[[ Available records open ]]

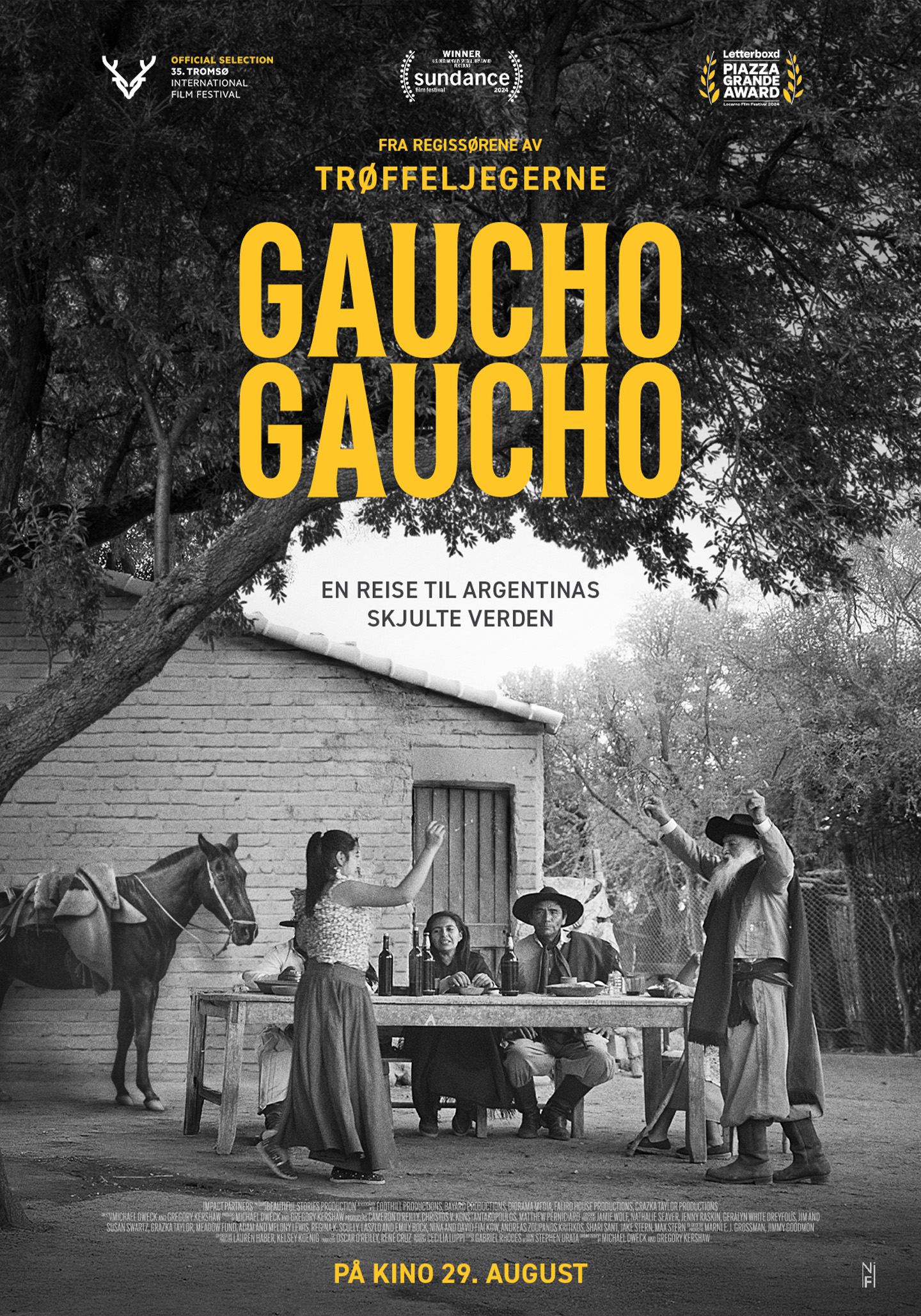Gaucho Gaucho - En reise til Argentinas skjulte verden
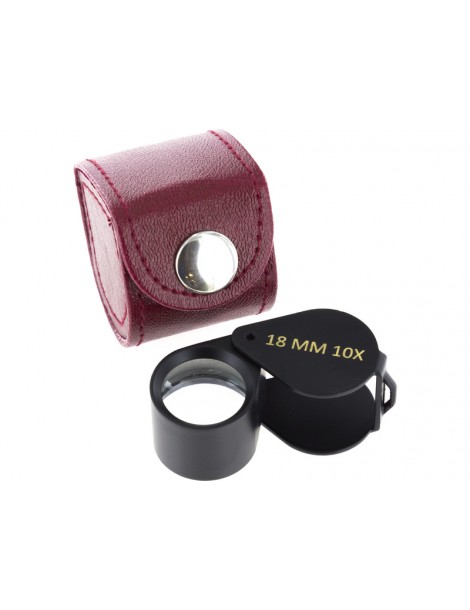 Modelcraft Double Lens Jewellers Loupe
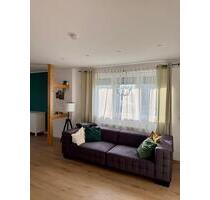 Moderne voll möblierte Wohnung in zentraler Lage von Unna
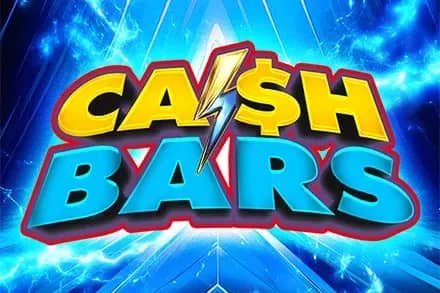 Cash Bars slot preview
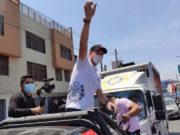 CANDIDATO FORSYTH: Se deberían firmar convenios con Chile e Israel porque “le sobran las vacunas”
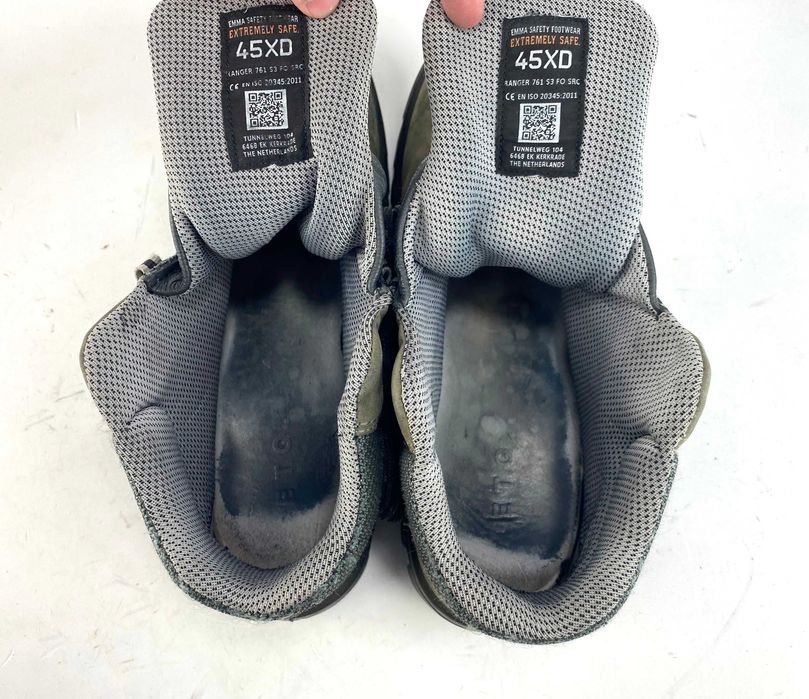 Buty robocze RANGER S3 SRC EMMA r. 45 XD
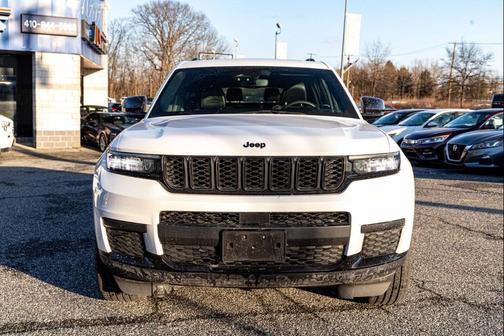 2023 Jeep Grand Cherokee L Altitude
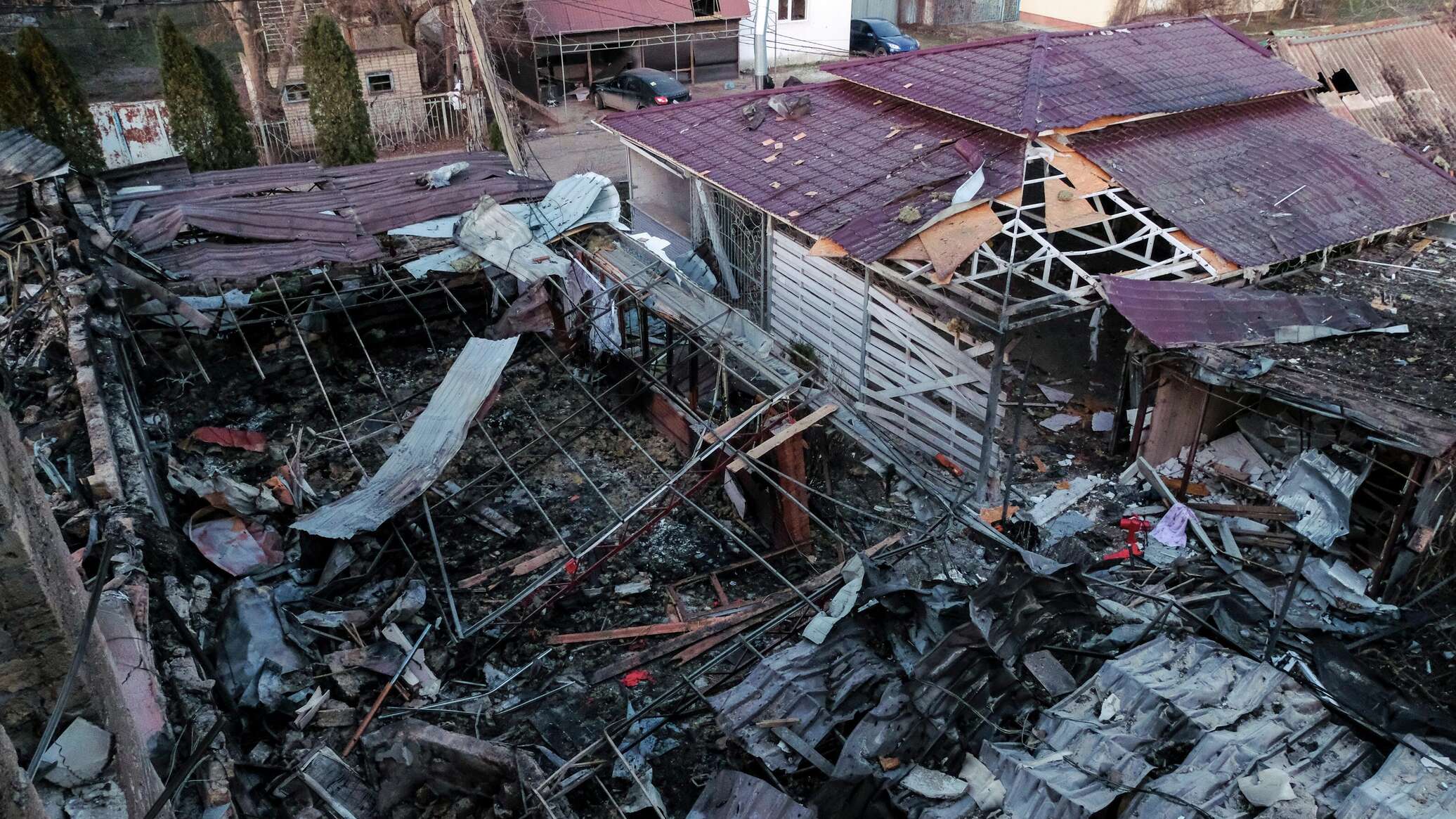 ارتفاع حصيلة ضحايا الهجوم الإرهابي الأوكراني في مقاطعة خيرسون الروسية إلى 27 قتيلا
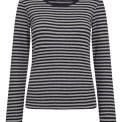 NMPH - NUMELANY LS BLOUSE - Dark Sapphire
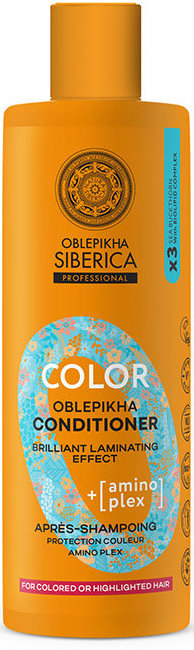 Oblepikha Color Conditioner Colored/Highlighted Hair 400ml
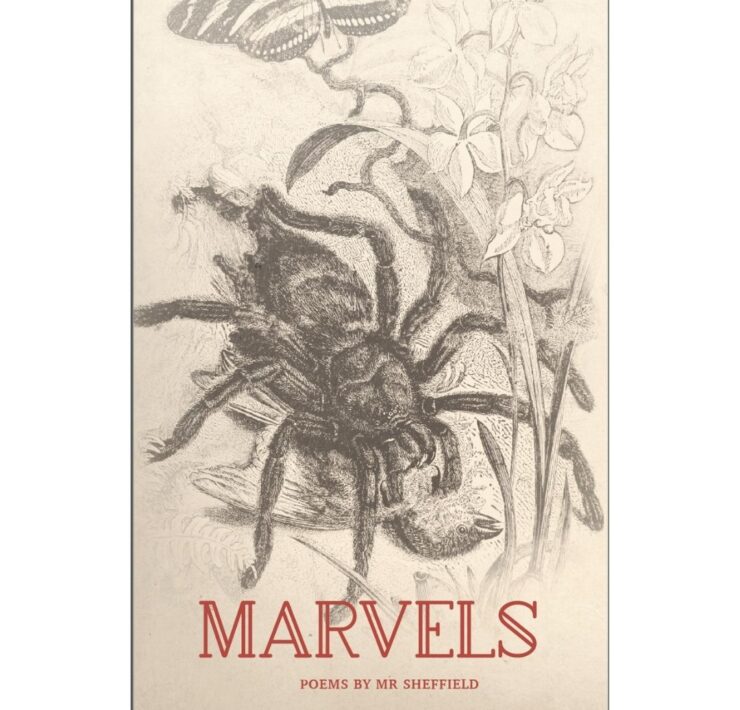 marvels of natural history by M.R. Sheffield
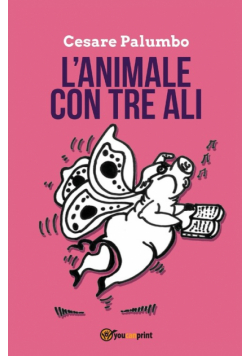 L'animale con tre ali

[[ Available records closed ]]

Above are the records; copy exactly the lines from the one with "Cash Bars slot preview" through the one with "2023 Jeep Grand Cherokee L Altitude", including both, and nothing more. Leave out pictures.

 Cash Bars slot preview
 CANDIDATO FORSYTH: Se deberían firmar convenios con Chile e Israel porque “le sobran las vacunas”
 Buty robocze RANGER S3 SRC EMMA r. 45 XD
 2023 Jeep Grand Cherokee L Altitude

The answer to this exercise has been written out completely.